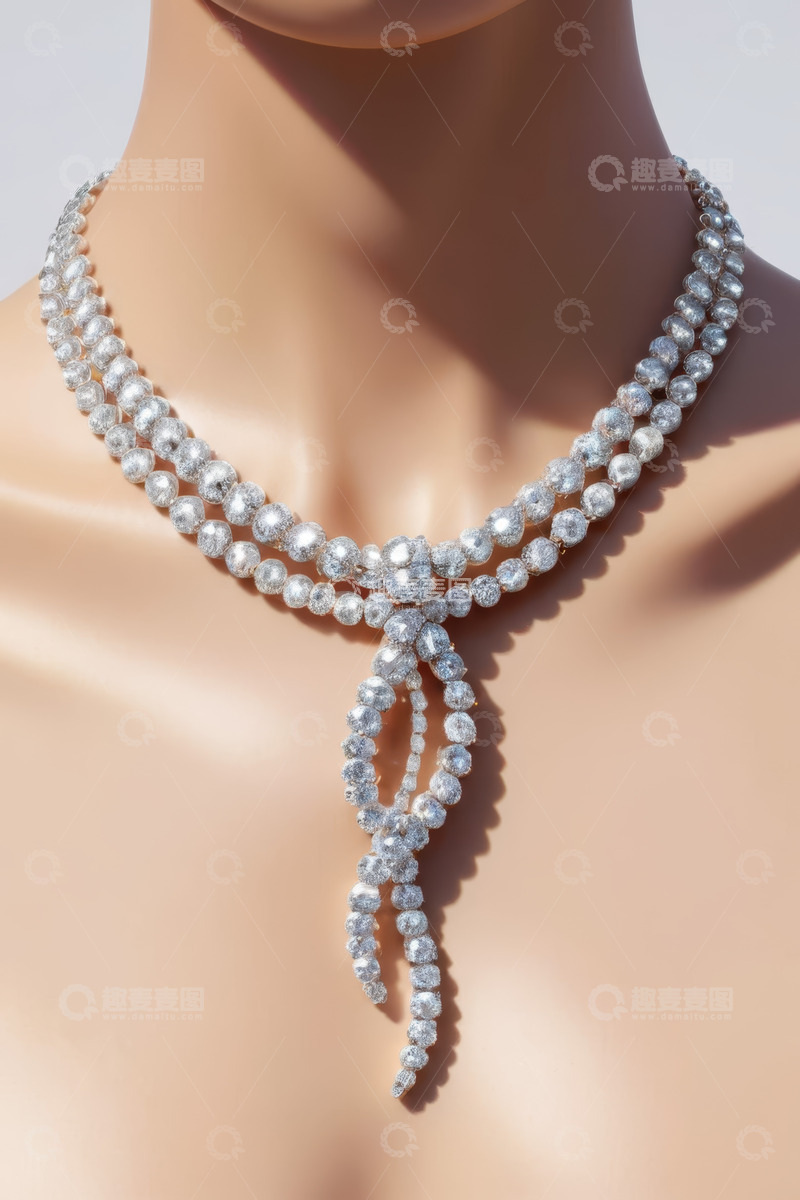 高清大图下载【趣麦麦图】模特佩戴奢华钻石项链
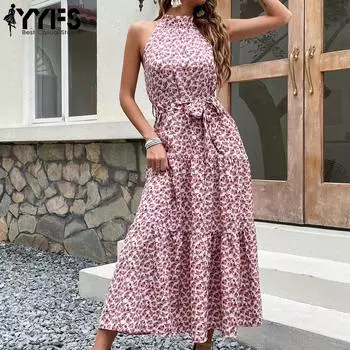 YYFS женские модные летние весенние повседневные платья без рукавов с высокой талией и цветочным принтом S розовый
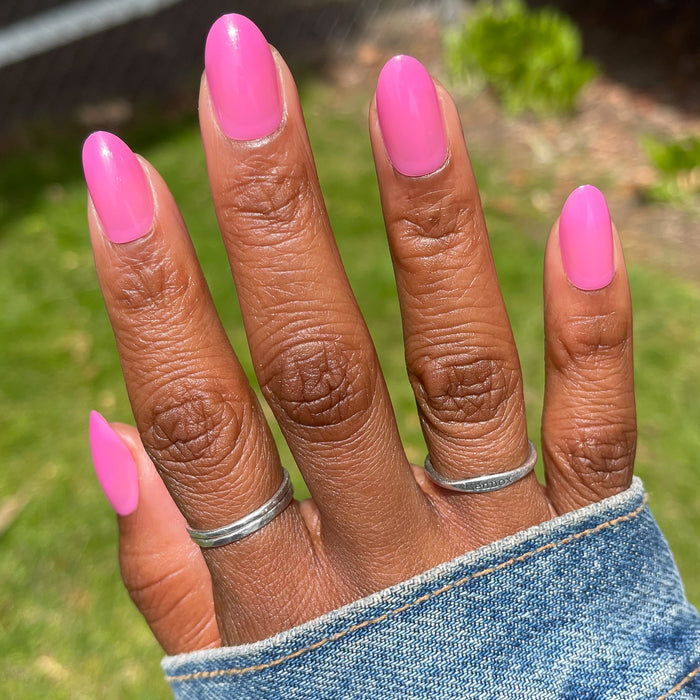 How Do You Spell Bougainvillea? - Press-On | Medium | Oval hot magenta false nails for an easy at home mani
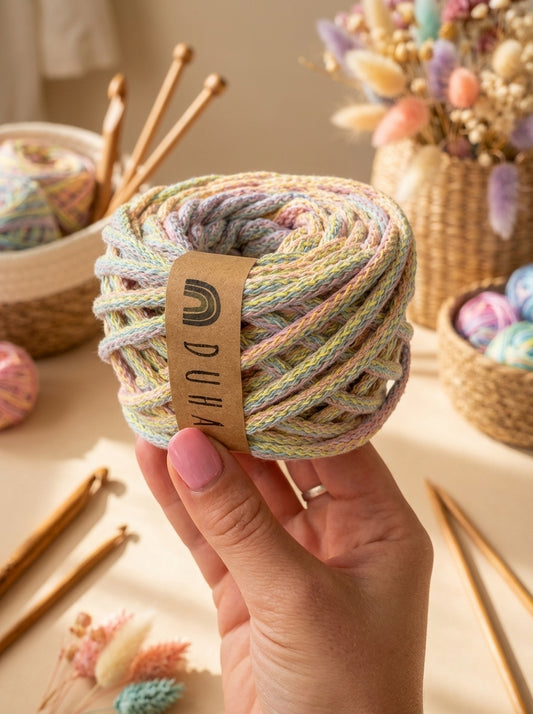 Klubíčko 10/20 m 🌈🌸❄️Duhová příze 3 mm (nerozčesatelná)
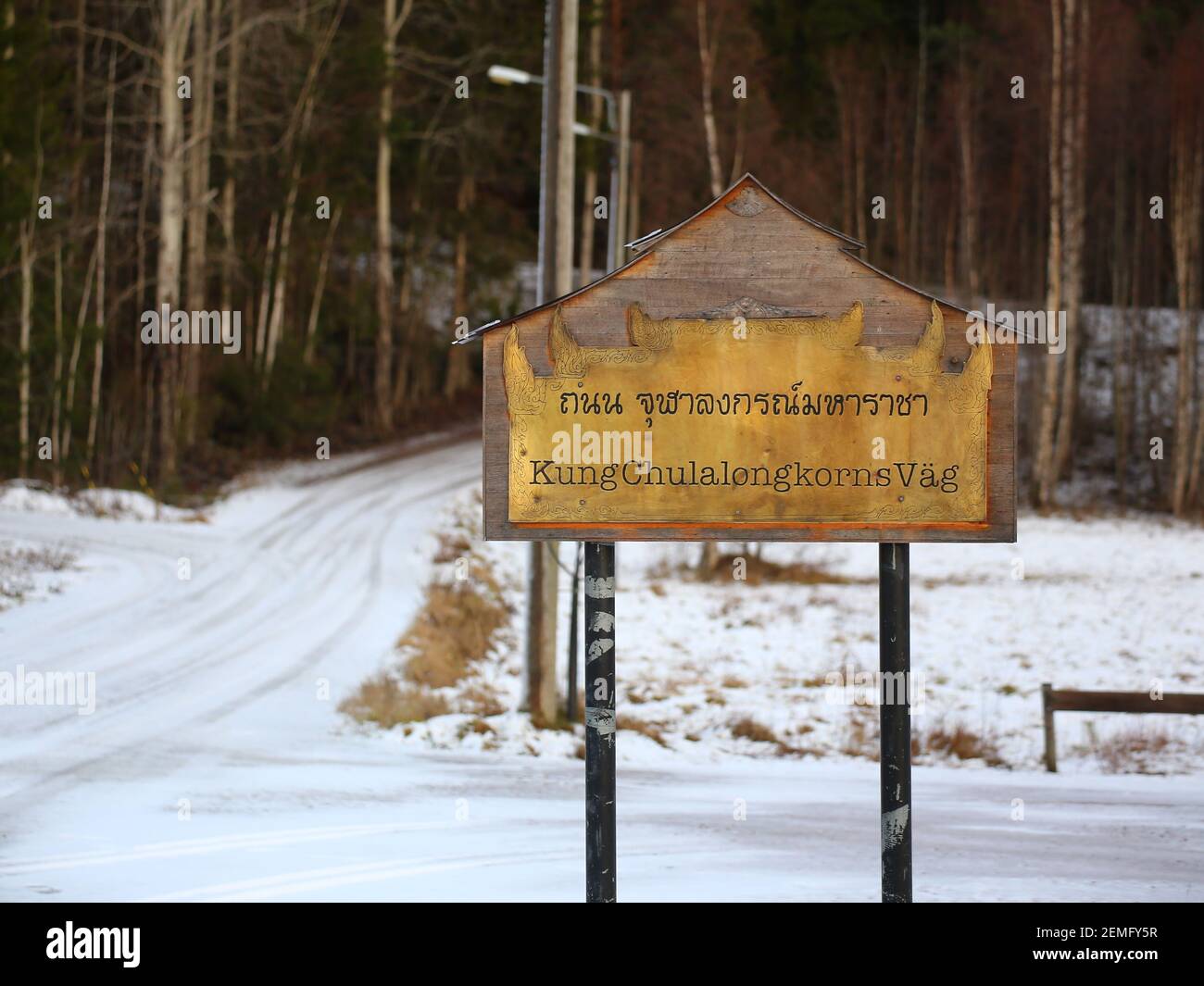 Cartello stradale placcato oro con il nome della strada Kung Chulalongkorns VAG in tailandese e svedese. Foto Stock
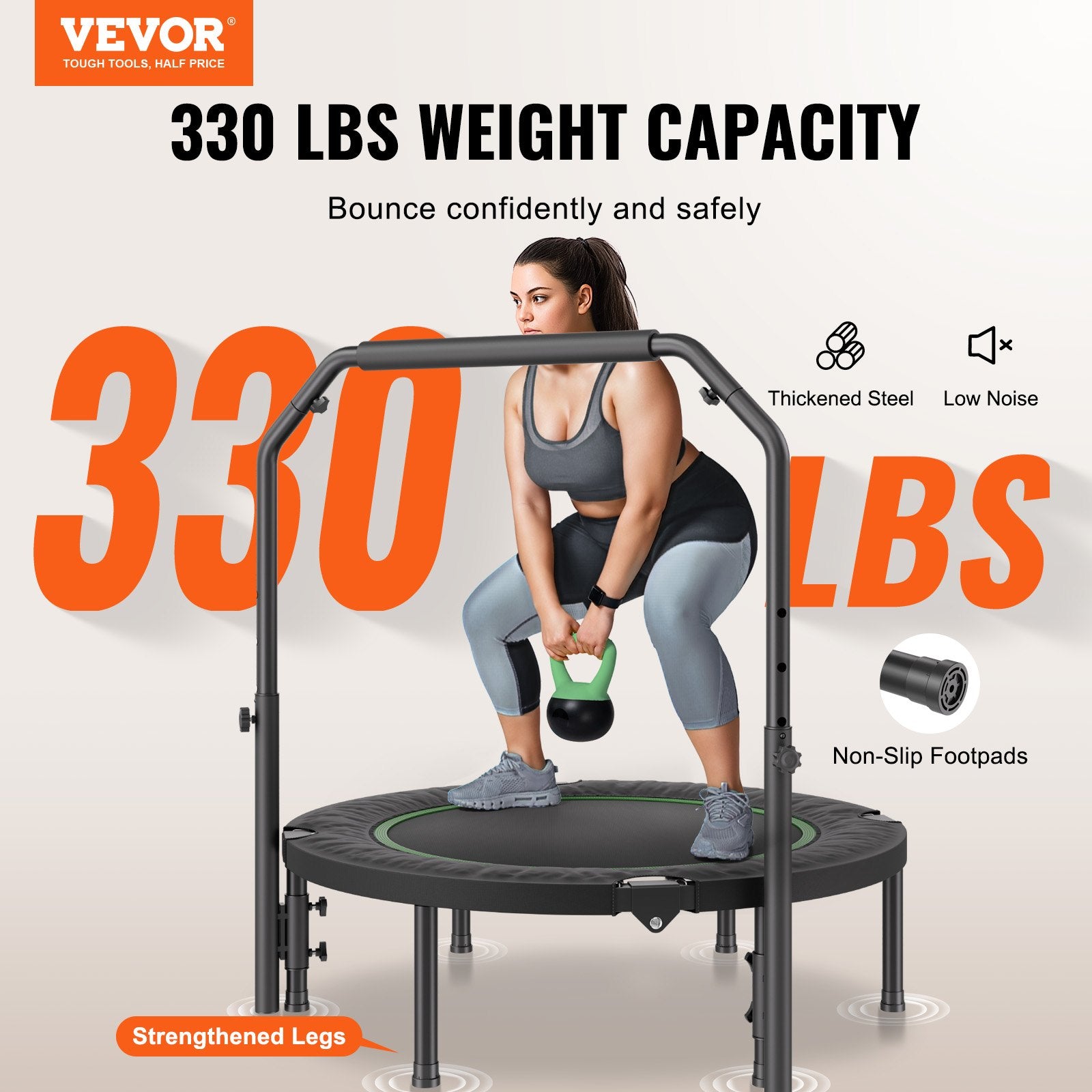 Ball Pits & Play Pens: VEVOR Foldable Mini Trampoline, 40 Inch Fitness Rebounder, Max Load 330lbs Exercise Trampoline, Stable & Quiet Trampoline with 4 Level Height Adjustable Foam Handle, for Adults Indoor/Garden Workout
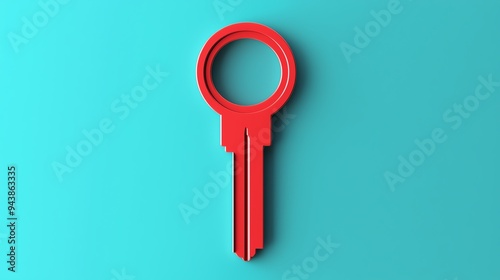 Key and lock fused together, inseparable bond, flat design illustration photo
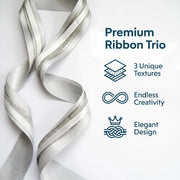 Elegant Silver & Grey Ribbon Trio Set – Luxury Satin & Woven Decorative Ribbon Bundle for Fashion & Gift Styling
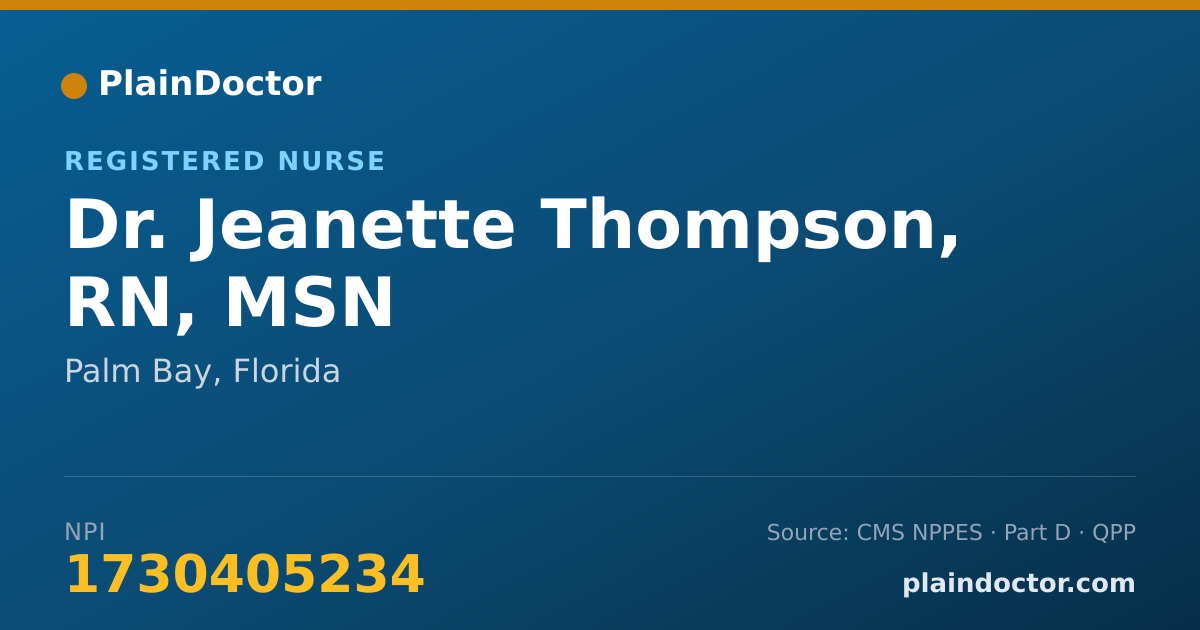 Shareable card for Jeanette Thompson, RN, MSN - Registered Nurse, Palm Bay, FL
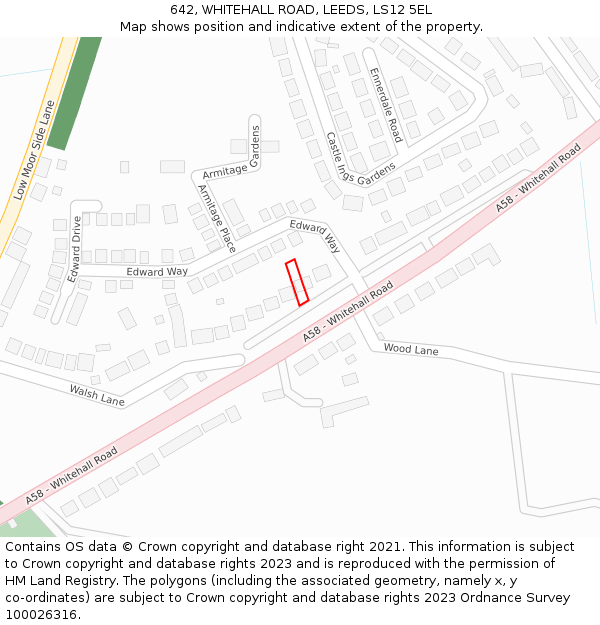 642, WHITEHALL ROAD, LEEDS, LS12 5EL: Location map and indicative extent of plot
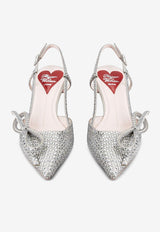 Virgule 55 Bow Crystal Embellished Slingback Pumps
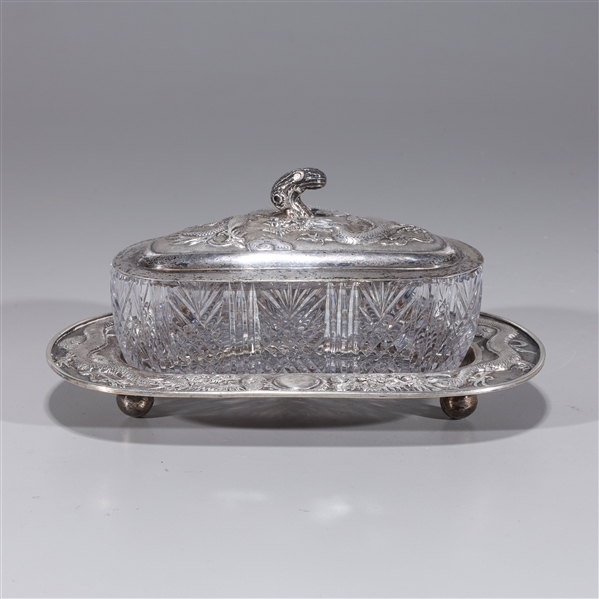 Appraisal: Chinese export silver covered dish with silver base and cover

--------------------------------------------------

### AIM OF THE TASK
Skipping any images, write out all the data exactly.

### RESULT FOR THIS TASK
 高清大图下载【趣麦麦图】模特佩戴奢华钻石项链
 YYFS женские модные летние весенние повседневные платья без рукавов с высокой талией и цветочным принтом S розовый
 How Do You Spell Bougainvillea? - Press-On | Medium | Oval hot magenta false nails for an easy at home mani
 Klubíčko 10/20 m 🌈🌸❄️Duhová příze 3 mm (nerozčesatelná)
 Cartello stradale placcato oro con il nome della strada Kung Chulalongkorns VAG in tailandese e svedese. Foto Stock
 Ball Pits & Play Pens: VEVOR Foldable Mini Trampoline, 40 Inch Fitness Rebounder, Max Load 330lbs Exercise Trampoline, Stable & Quiet Trampoline with 4 Level Height Adjustable Foam Handle, for Adults Indoor/Garden Workout
 Key and lock fused together, inseparable bond, flat design illustration photo
 Elegant Silver & Grey Ribbon Trio Set – Luxury Satin & Woven Decorative Ribbon Bundle for Fashion & Gift Styling
 Shareable card for Jeanette Thompson, RN, MSN - Registered Nurse, Palm Bay, FL
 642, WHITEHALL ROAD, LEEDS, LS12 5EL: Location map and indicative extent of plot
 Virgule 55 Bow Crystal Embellished Slingback Pumps
 Appraisal: Chinese export silver covered dish with silver base and cover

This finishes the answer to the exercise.